I'm still not sure I see the point of the trunk wire for a small home trellis. Not yet, anyway... but it's  been installed anyway,


An overview of the whole thing. The lower three wires go through 8mm holes drilled through the end posts, and hang against clout nails in the middle post. I probably need to staple them, once I find my staples.

I'll make a pair of the keeper wires sometime just to check out whether my idea of using security fence cable and springs will work, but there's no real rush.


One of the holes, showing black PVC pipe down to where the roots will be, cable tied to a 1.8m length of 10mm rebar hammered into the middle of the hole to act as a stake. The three wires are tied on to the two stakes, so there's plenty of support for them - at 5 points over the 6m length of the trellis.

As regards irrigation, I was thinking of putting drip irrigation buttons down into the PVC pipe. 2, 4 or 8 l/hour? They'll run for 10 minutes or so, so maybe 8 litre/hour. Again, no rush - there's still some tidying up to do around here. e.g. compost into the tyres for strawberries. And how to irrigate them without too much grapevine interference?
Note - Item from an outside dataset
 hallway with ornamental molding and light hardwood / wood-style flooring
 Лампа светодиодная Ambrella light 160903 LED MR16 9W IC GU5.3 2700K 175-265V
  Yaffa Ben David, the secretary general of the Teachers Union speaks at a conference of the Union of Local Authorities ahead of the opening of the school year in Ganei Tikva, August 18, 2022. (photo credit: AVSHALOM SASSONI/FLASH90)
The other prepared hole - compost mixed with top soil and some bone meal (I read somewhere you're not supposed to do that, but read it after I'd done it) - and soaked several times with a hose. They drain slowly but surely, so there shouldn't be a waterlogging problem.

Stage 4

The vines are planted - Hanepoot nearest the neighbours fence, and Autumn Royal closer to house. Soaked the topsoil after putting it back in to fill the holes. Photo later - my phone went flat.

The sun is blazing down, so the vines are probably going to be in the right sort of conditions once they settle down. Let's hope nothing goes wrong! (Well, later in the afternoon the rain poured down).
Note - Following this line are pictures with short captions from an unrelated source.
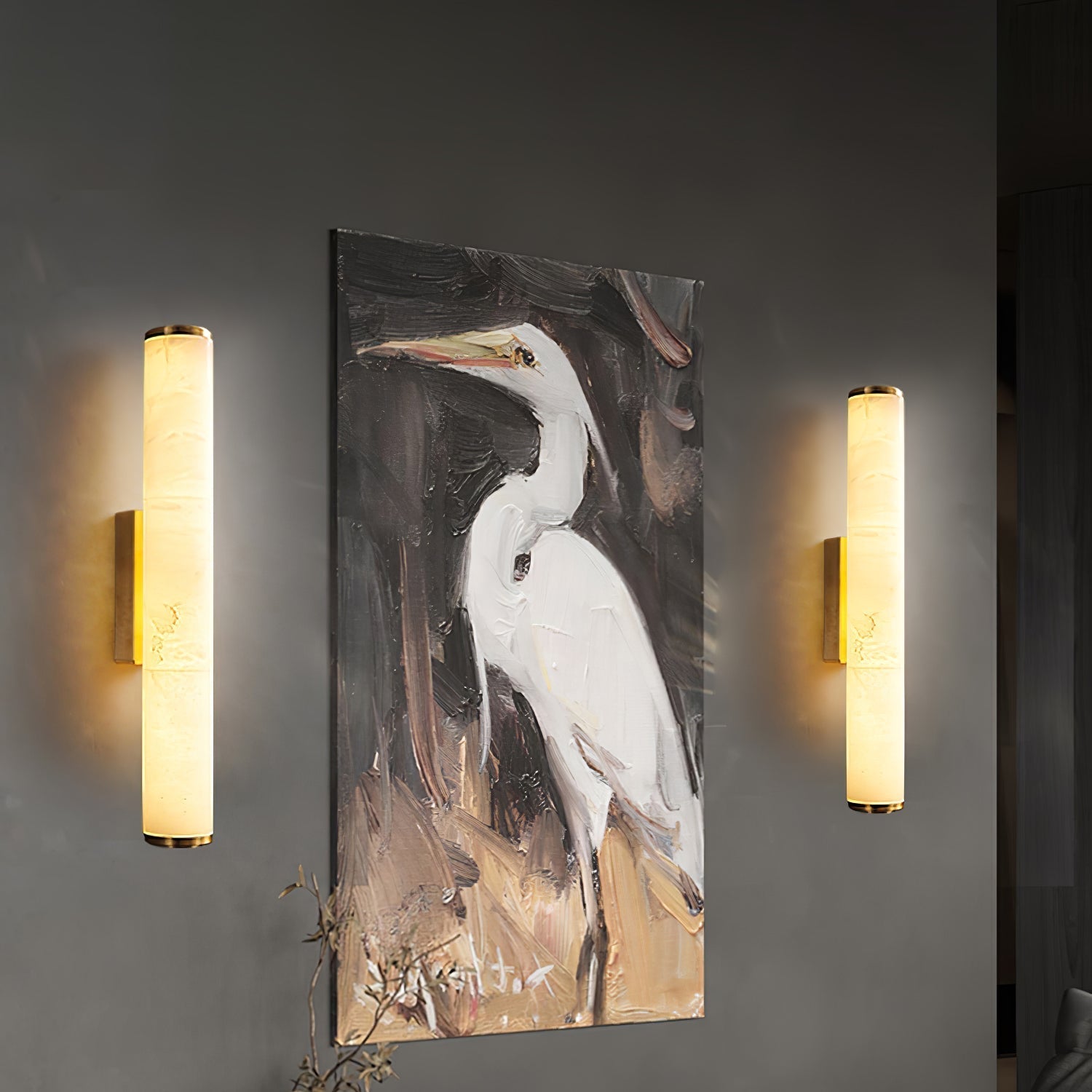 Moderne Minimalistische Spaanse Marmer Koper Wandlamp LED 1-Licht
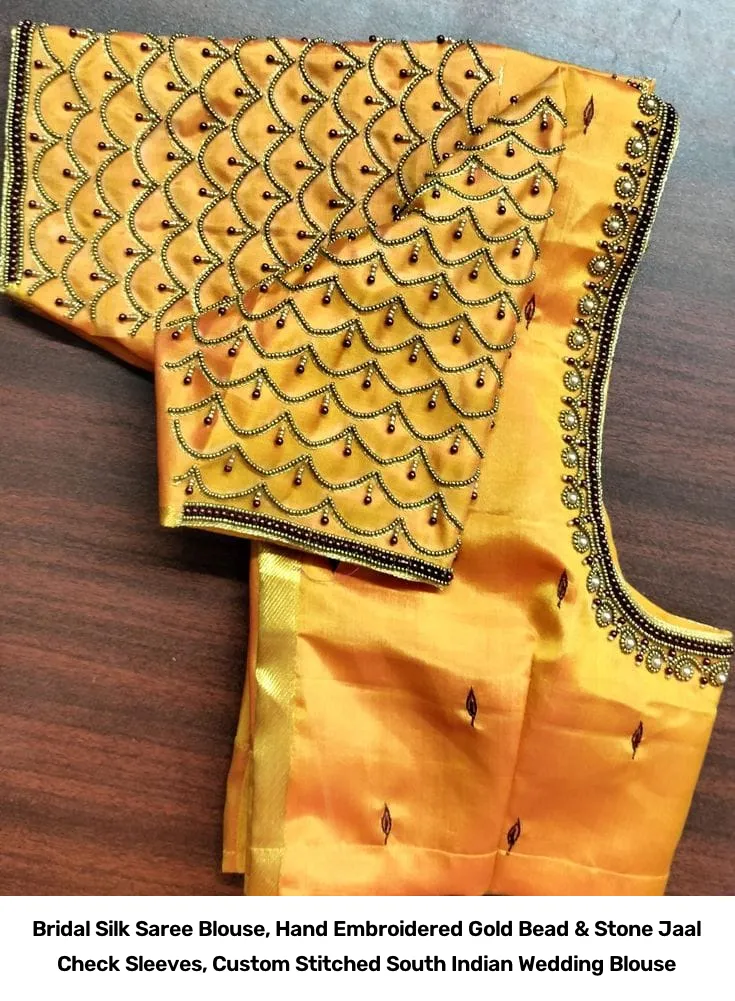 Bridal Silk Saree Blouse, Hand Embroidered Gold Bead & Stone Jaal Check Sleeves, Custom Stitched South Indian Wedding Blouse 2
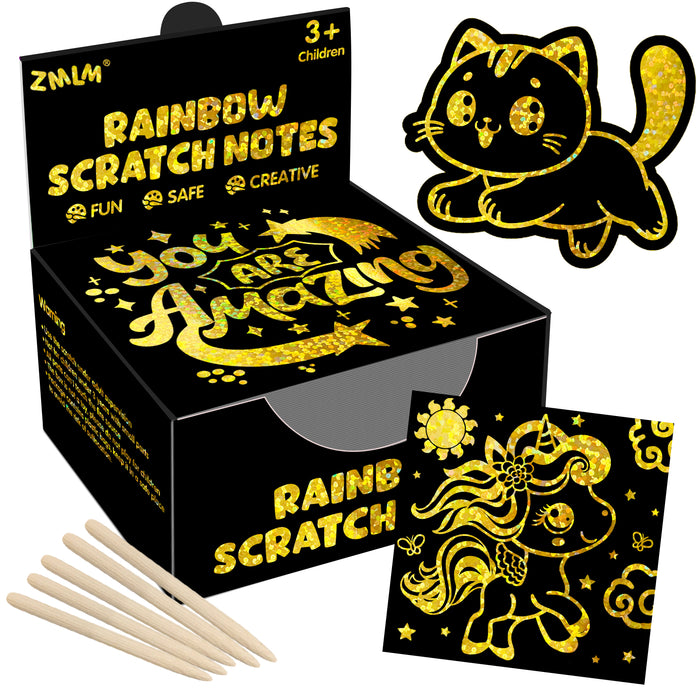ZMLM 165 Pcs Rainbow Scratch Paper Art Notes(Gold Holographic)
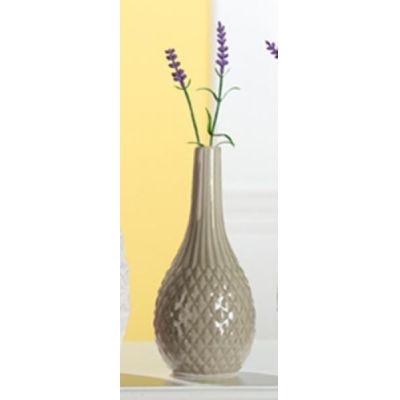 GILDE trendig Keramik Vase grau glasiert, 8,5 x 20 cm | 11530446 / EAN:4260452197963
The end goal will be to enjoy a bunch or three or more of grapes, but that won't happen for at least a year, maybe two.

This all took about three and a half weeks to put into practice - from conception to completion, and cost about R1.2k - poles (R400), vines (R450 for two), labour (assistance in embedding pressure treated poles and assorted other holes - R240), rebar (R32 for two), wire. Not bad on the time taken to do this - usually I'm much slacker than this. The old fully employed me would have put it off for a year and killed the vines.

I'd hate to think of the costs of doing this on a commercial scale, but I'm sure they've got lots of low cost mechanised bulk methods in comparison to my low volume ad hoc manual efforts.
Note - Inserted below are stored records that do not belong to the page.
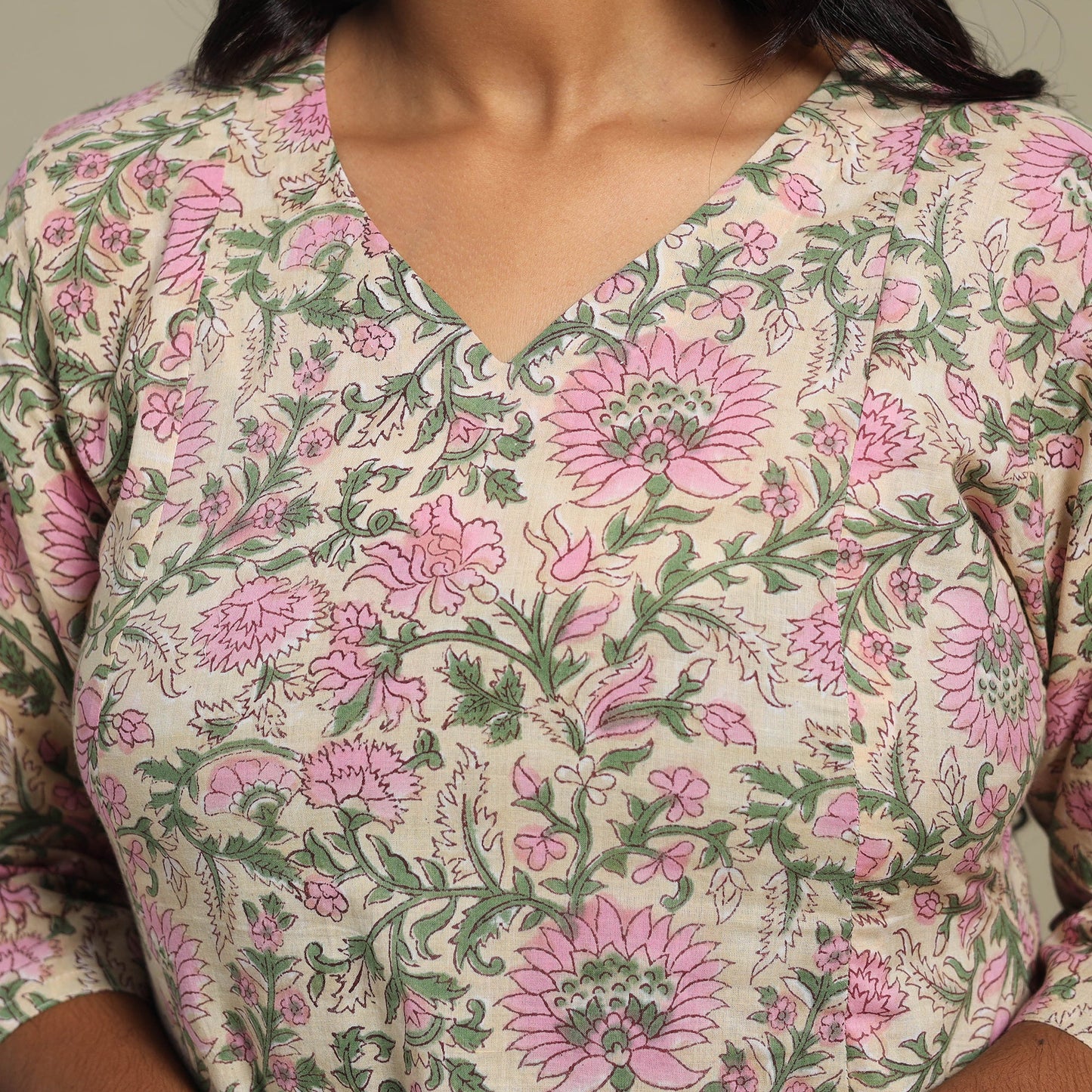 Peach Block Print Cotton A-Line Sanganeri Kurta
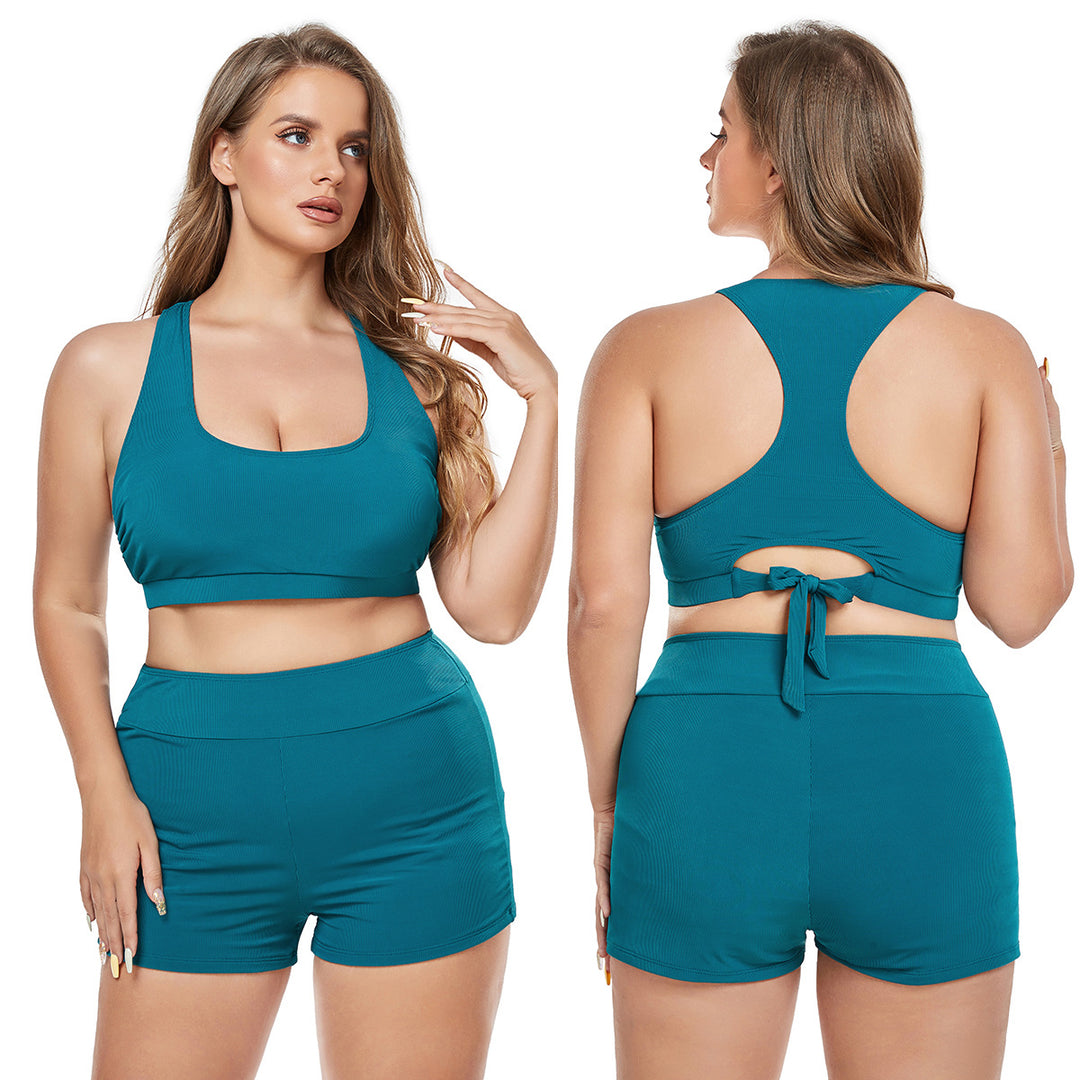 Women's Sporty Bikini Set with High-Waisted Bottom and Non-Slip Top StylebySassy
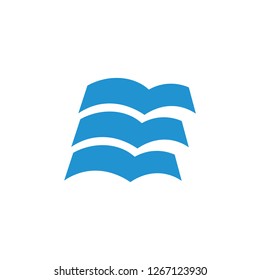 simple books fly geometric logo vector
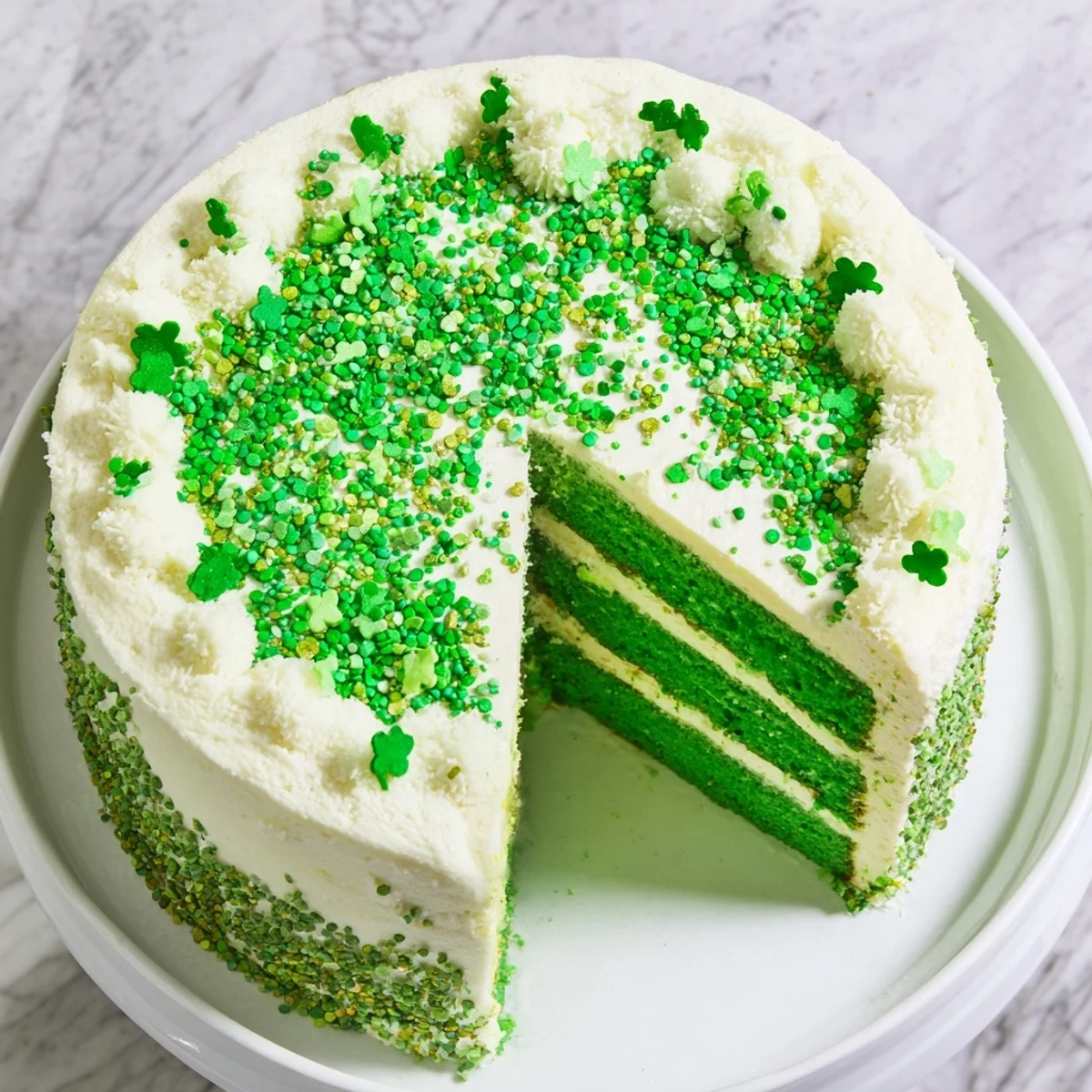 Festive green St. Patricks Day cake layered with creamy vanilla frosting and topped with shamrock decorations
The next things to worry about will be getting the vines established, then training and pruning them.

Update 2015/11/27:


Ater rain overview of the two vines neatly dug in, with spaced but unfilled tyres. Maybe room for another row of tyres for even more strawberries on this (lower/western) side of the trellis?


Autumn Royal, closest to house. Visible wire is trunk wire. Note the West Indian Key Lime tree to the upper right of the vine starting to look pressurized. It needs to be relocated, but there's limited options. The assumption is that Key Limes won't get too big or bushy.


The Hanepoot, closest to neighours fence, running up its stake. The visible wire is the trunk wire. Maybe there's room to put in the White Genoa fig between the rightmost pole and the fence? The originally selected spot is now in deep shade and would be disastrous, and I'm running out of room everywhere else.

Update 2015/11/28:





Installed lowest pair of catch wires, munufactured from security fence braided cable components. It seems OK, even though I messed up one of them by overcompensating for anticipated cable stretch... with this stuff, there's zero stretch. Fortunately I allowed for fixing this in the design.

Update 2015/12/10:


Cow damage.

There was more cow damage just before Christmas, when the other vine was also munched down below the level of the PVC pipe.

Update 2016/01/24:


Irrigation at last sorted out - it's now apparent what the lowest "trunk" wire is for.

Dripper heads running ino PVC pipes leading to roots, tyres being populated with strawberry runners, some still to be filled with compost.

The vines seem to have settled, and both are recovering from the attention of the cows. Future pruning might be a bit complicated.

Update 2016/02/21:


The Autumn Royal looking like it's establishing itself.